Tu suoni oltre ad insegnare?
"Sì, anche se il mio è stato un percorso ad ostacoli. Poco dopo aver cominciato ad insegnare ho avuto una tendinite e dopo due anni di infortunio ho intrapreso un'altra strada e mi sono avvicinato alla musicoterapia. Ho fatto un percorso di tre anni al CMT di Milano. Poi mi sono iscritto alla Facoltà di Psicologia. Quindi ora sono psicologo e insegnante."
Parliamo della musicoterapia?
"Sì, per me è stata un'esperienza molto formativa.
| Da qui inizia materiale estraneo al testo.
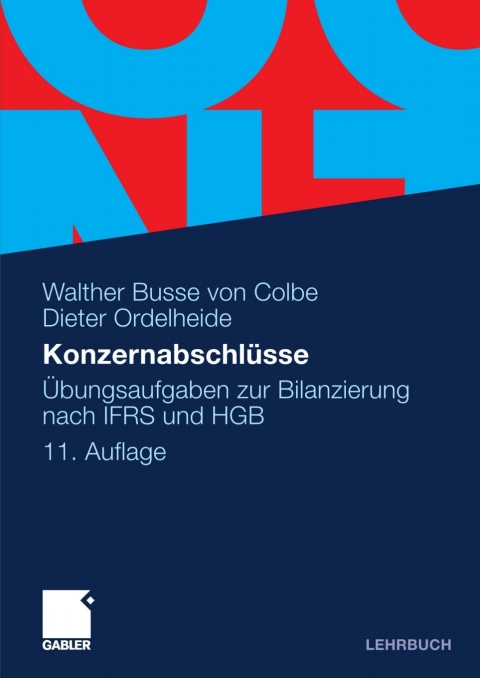 Cover image for book Konzernabschlüsse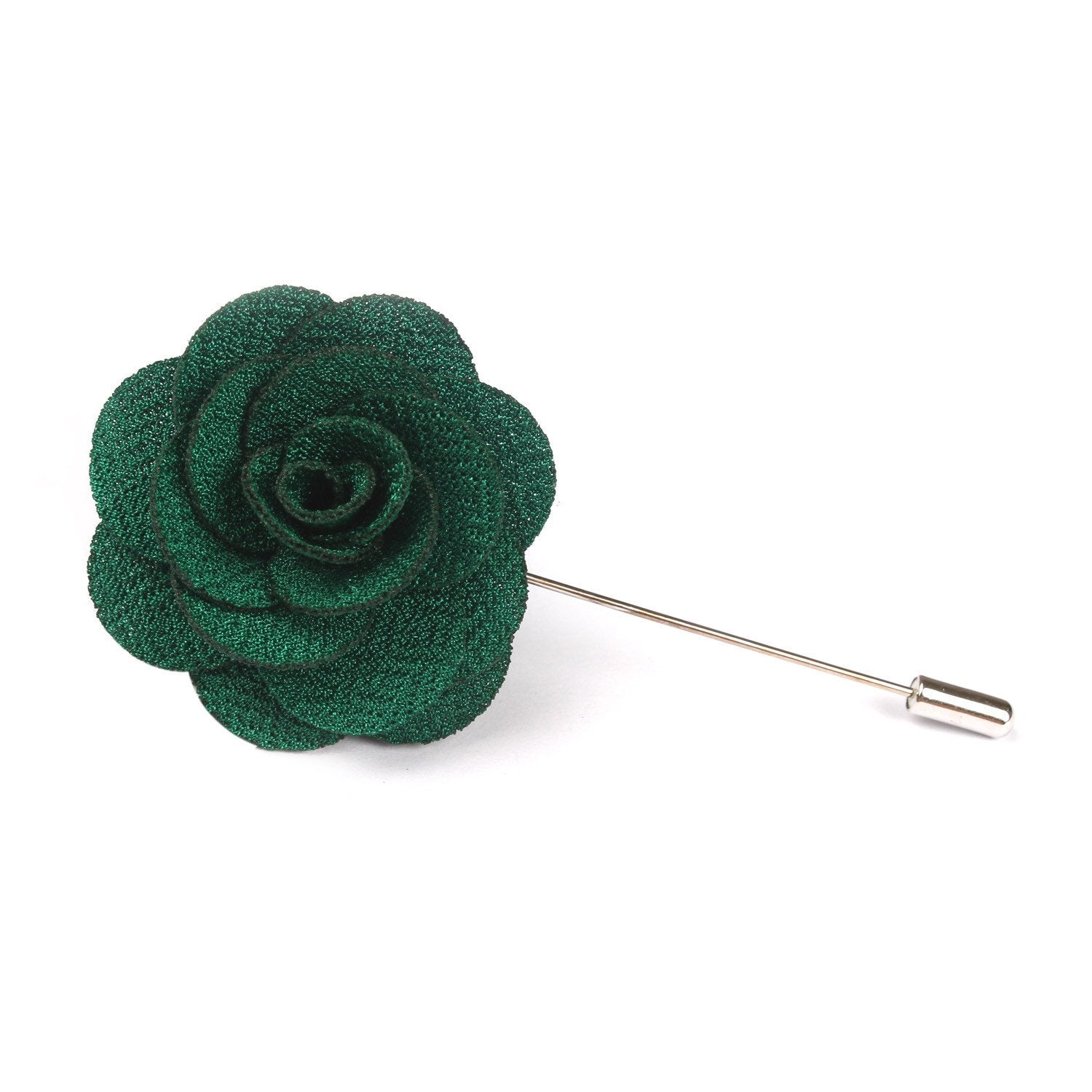 OTAA Lapel Flower jungle green
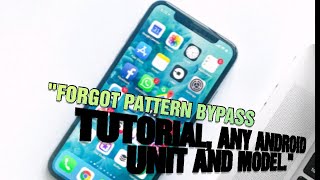FORGOT PATTERN BYPASS TUTORIAL, ANY ANDROID UNIT AND MODEL screenshot 4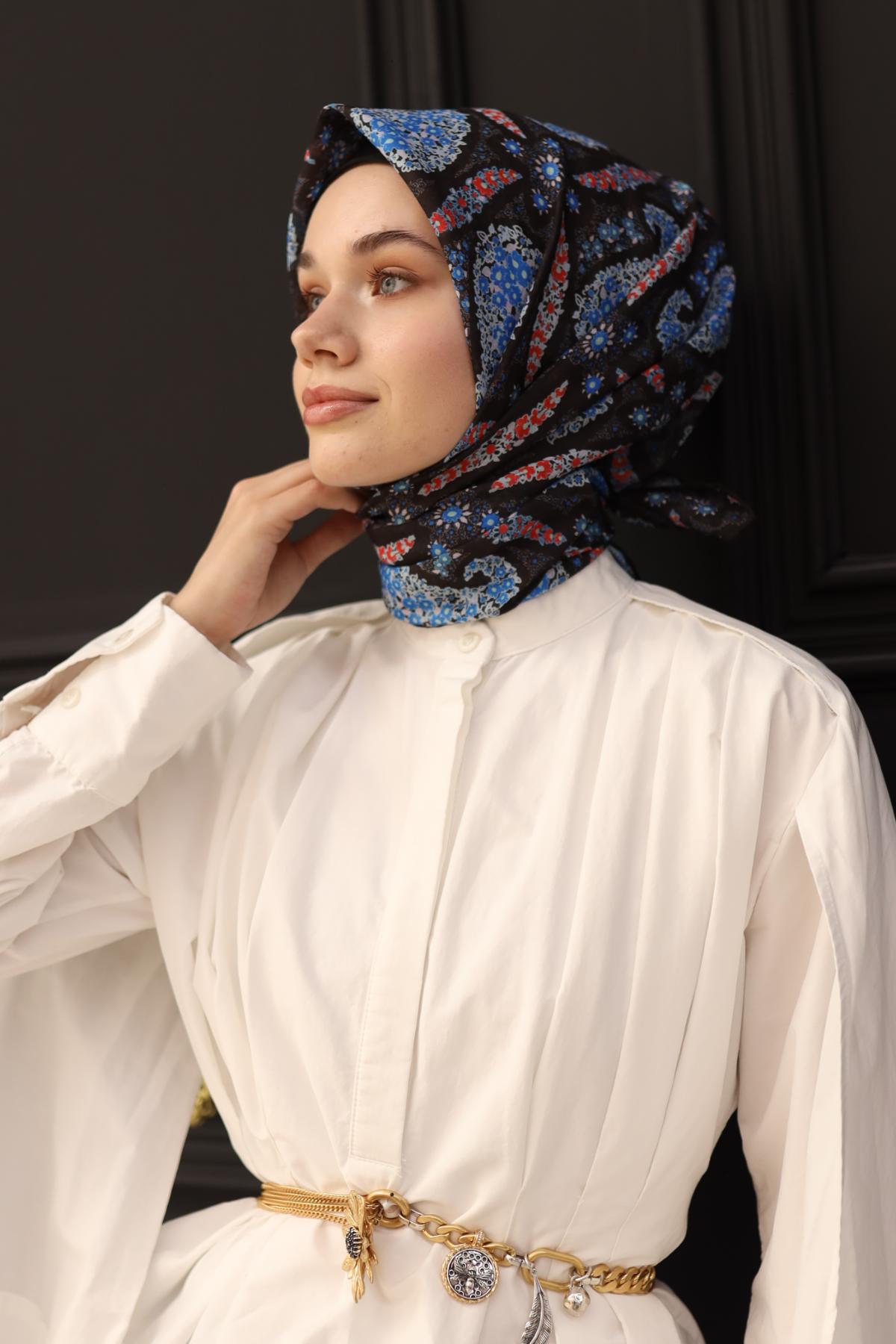 Silk Home Soft Eşarp 73085-31 - İthalesarponline.com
Da allievo avevo vissuto la musica solo dal punto di vista didattico: tanto studio e il tentativo continuo di affinare la tecnica e l'esecuzione. La musicoterapia e la psicologia mi hanno fatto scoprire un altro lato della musica: quello della comunicazione. Di conseguenza è cambiato il mio modo di insegnare. Adesso cerco una bella relazione con gli allievi, perché credo sia la strada migliore per trasmettere passione. La musicoterapia aiuta a esprimere qualcosa di sé attraverso un canale non verbale, che è la musica, svincolato anche dalle conoscenze tecniche. Si può fare musica anche senza avere una quantità enorme di nozioni sullo strumento. Non serve essere musicisti per fare musica."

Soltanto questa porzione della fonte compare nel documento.